Chuck Robbins. Foto: divulgação.

A Cisco anunciou nesta segunda-feira, 04, que Chuck Robbins, VP senior de operações globais da companhia, assumirá a partir de 26 de julho a cadeira de CEO da fabricante de equipamentos de telecom.

Robbins terá a missão complicada de ocupar a cadeira deixada por John Chambers, que ficou à frente da companhia norte-americana por 20 anos. O novo CEO, que trabalha na multinacional desde 1997, também faz parte do conselho da empresa.

Apesar de sair do cargo de CEO, Chambers, um dos executivos mais respeitados do mercado de tecnologia, seguirá na alta cúpula da fabricante, como chairman do conselho. No seu perído como chefe executivo, Chambers aumentou a receita da empresa de US$ 1,2 bilhão em 1995 para US$ 48 bilhões em 2014 - um crescimento de mais de 3000%.

Para Chambers, a Cisco encontrará uma forte liderança com Robbins, que foi selecionado em meio a outros dez candidatos em potencial para a vaga. 

"Nosso próximo CEO precisa avançar em um ambiente altamente dinâmico, ser capaz de acelerar o que está funcionando para a Cisco, e inovar no que é preciso mudar.

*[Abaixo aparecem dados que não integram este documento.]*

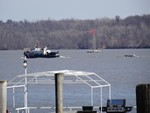 Photo by Jim Lennon. Coast Guard towing small boat on Hudson River.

Chuck tem a habilidade de traduzir visão e estratégia em execução global, reunindo times e ecossistemas para trazer resultados", avaliou Chambers.

No cargo de VP de operações globais, Robbins esteve à frente de diversas mudanças recentes da companhia, sendo ums dos principais responsáveis pela reformulação da política de vendas da empresa e o crescimento da divisão corporativa, com um percentual anual de 8%. Atualmente, esta divisão representa 25% dos negócios da empresa.

Além disso, Robbins esteve à frente de importantes aquisições e a diversificação do portfólio que a companhia promoveu nos últimos anos. Duas grandes aquisições foram a da Sourcefire em 2013 (um negócio de cerca de US$ 2,7 bilhões), e a da fabricante de equipamentos de wireless Meraki em 2012, por US$ 1,2 bilhão.

"Estou focado em acelerar a inovação e execução que nossos clientes precisam de nós. Em uma época em que nossa indústria está à beira de mais inovação do que nunca,não poderia estar mais confiante em nossa habilidade de vencer ou mais honrado em liderar esta grande companhia", afirmou Robbins em nota à imprensa.

Em termos estratégicos, o novo CEO terá a tarefa de direcionar a companhia em novos caminhos além do já solidificado mercado de switches e redes. Em abril, durante uma convenção com parceiros da marca, a empresa destacou que software e segurança serão pontos focais para os negócios da companhia nos próximos anos.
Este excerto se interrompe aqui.